> Record extracts:

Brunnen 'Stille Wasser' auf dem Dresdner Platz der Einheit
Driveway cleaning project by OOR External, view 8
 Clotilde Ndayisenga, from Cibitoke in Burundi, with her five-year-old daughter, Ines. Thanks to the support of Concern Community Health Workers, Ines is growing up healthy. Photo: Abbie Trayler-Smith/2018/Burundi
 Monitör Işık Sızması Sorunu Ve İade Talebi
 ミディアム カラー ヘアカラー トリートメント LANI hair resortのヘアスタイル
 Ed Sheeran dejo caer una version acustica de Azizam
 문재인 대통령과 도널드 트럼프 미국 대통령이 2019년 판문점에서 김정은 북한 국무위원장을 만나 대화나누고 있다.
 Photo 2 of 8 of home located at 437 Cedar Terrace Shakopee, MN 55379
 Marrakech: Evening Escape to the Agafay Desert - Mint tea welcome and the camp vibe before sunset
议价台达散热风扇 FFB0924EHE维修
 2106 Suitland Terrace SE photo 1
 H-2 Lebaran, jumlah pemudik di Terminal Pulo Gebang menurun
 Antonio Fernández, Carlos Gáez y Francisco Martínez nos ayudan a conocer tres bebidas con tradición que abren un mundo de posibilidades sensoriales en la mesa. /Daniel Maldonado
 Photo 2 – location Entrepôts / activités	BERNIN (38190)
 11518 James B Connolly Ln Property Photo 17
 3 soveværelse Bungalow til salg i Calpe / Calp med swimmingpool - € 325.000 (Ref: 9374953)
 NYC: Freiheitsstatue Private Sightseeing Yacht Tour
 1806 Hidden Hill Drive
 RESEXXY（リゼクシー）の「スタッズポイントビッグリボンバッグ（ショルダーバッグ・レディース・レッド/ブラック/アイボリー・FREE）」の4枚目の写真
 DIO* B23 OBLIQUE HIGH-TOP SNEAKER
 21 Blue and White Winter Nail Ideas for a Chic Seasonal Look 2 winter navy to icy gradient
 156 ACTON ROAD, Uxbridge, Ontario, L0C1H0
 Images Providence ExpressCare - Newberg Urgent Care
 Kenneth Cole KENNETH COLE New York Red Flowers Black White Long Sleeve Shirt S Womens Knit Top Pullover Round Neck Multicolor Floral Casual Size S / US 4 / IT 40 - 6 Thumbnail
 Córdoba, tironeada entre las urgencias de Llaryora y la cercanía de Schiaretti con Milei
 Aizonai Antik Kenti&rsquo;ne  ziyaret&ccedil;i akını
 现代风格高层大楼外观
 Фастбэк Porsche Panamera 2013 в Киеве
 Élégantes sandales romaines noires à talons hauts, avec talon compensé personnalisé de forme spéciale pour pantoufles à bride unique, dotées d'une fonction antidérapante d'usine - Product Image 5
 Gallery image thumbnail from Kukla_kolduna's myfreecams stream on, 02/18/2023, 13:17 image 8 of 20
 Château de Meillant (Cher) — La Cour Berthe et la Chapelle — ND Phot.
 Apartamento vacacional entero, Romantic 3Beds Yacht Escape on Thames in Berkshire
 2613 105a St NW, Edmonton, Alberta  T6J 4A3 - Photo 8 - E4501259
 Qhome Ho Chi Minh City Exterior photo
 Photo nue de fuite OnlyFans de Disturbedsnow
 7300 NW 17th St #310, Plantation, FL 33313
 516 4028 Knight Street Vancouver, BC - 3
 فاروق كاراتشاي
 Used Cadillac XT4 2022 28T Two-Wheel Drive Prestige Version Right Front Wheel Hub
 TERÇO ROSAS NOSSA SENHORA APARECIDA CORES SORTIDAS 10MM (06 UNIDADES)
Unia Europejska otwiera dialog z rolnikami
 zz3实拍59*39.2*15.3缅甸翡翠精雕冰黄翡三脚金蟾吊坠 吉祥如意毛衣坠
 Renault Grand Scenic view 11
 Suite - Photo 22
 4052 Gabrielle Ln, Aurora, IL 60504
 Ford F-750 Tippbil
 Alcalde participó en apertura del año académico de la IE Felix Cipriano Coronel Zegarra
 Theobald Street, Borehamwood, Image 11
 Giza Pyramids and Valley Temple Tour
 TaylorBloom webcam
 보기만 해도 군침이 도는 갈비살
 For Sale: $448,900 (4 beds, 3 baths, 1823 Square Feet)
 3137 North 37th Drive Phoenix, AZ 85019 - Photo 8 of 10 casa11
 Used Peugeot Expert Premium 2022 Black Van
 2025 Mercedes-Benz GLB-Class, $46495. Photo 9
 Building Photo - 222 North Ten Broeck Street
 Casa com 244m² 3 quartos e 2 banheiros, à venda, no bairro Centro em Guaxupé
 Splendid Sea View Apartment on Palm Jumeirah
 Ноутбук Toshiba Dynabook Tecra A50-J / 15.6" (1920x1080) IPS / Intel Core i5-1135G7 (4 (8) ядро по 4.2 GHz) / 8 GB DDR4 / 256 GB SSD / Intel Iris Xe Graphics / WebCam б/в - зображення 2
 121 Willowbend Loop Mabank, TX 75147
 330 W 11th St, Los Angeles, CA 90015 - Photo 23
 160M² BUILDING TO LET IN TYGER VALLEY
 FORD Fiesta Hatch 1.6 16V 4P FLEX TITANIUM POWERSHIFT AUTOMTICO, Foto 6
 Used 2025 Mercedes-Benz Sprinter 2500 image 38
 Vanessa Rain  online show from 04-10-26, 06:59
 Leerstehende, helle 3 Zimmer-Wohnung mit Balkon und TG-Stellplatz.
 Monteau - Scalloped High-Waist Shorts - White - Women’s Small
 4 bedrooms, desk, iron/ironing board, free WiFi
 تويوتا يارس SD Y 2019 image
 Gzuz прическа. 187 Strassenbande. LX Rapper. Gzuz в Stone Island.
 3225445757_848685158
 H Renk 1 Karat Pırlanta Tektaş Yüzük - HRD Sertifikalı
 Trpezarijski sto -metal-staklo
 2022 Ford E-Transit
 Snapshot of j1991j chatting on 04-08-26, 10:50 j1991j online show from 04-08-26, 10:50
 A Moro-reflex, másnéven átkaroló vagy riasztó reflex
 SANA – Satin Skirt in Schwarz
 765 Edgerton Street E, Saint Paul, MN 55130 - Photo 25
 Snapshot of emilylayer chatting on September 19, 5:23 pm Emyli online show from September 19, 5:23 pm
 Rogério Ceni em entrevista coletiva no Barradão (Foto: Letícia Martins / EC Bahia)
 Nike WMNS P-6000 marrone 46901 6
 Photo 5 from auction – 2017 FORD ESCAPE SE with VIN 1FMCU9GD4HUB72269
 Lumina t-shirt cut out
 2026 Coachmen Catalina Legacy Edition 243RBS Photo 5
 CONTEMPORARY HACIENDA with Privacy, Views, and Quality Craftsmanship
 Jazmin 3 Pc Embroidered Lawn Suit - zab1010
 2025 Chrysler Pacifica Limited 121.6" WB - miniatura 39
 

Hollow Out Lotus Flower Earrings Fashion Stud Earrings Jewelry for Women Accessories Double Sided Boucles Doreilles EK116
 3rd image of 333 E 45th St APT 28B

> Task goal: Restate, word for word and with nothing added, the lines from the first line of the listing through the one where "3 soveværelse Bungalow" stands.

> Output for this task:
Brunnen 'Stille Wasser' auf dem Dresdner Platz der Einheit
Driveway cleaning project by OOR External, view 8
 Clotilde Ndayisenga, from Cibitoke in Burundi, with her five-year-old daughter, Ines. Thanks to the support of Concern Community Health Workers, Ines is growing up healthy. Photo: Abbie Trayler-Smith/2018/Burundi
 Monitör Işık Sızması Sorunu Ve İade Talebi
 ミディアム カラー ヘアカラー トリートメント LANI hair resortのヘアスタイル
 Ed Sheeran dejo caer una version acustica de Azizam
 문재인 대통령과 도널드 트럼프 미국 대통령이 2019년 판문점에서 김정은 북한 국무위원장을 만나 대화나누고 있다.
 Photo 2 of 8 of home located at 437 Cedar Terrace Shakopee, MN 55379
 Marrakech: Evening Escape to the Agafay Desert - Mint tea welcome and the camp vibe before sunset
议价台达散热风扇 FFB0924EHE维修
 2106 Suitland Terrace SE photo 1
 H-2 Lebaran, jumlah pemudik di Terminal Pulo Gebang menurun
 Antonio Fernández, Carlos Gáez y Francisco Martínez nos ayudan a conocer tres bebidas con tradición que abren un mundo de posibilidades sensoriales en la mesa. /Daniel Maldonado
 Photo 2 – location Entrepôts / activités	BERNIN (38190)
 11518 James B Connolly Ln Property Photo 17
 3 soveværelse Bungalow til salg i Calpe / Calp med swimmingpool - € 325.000 (Ref: 9374953)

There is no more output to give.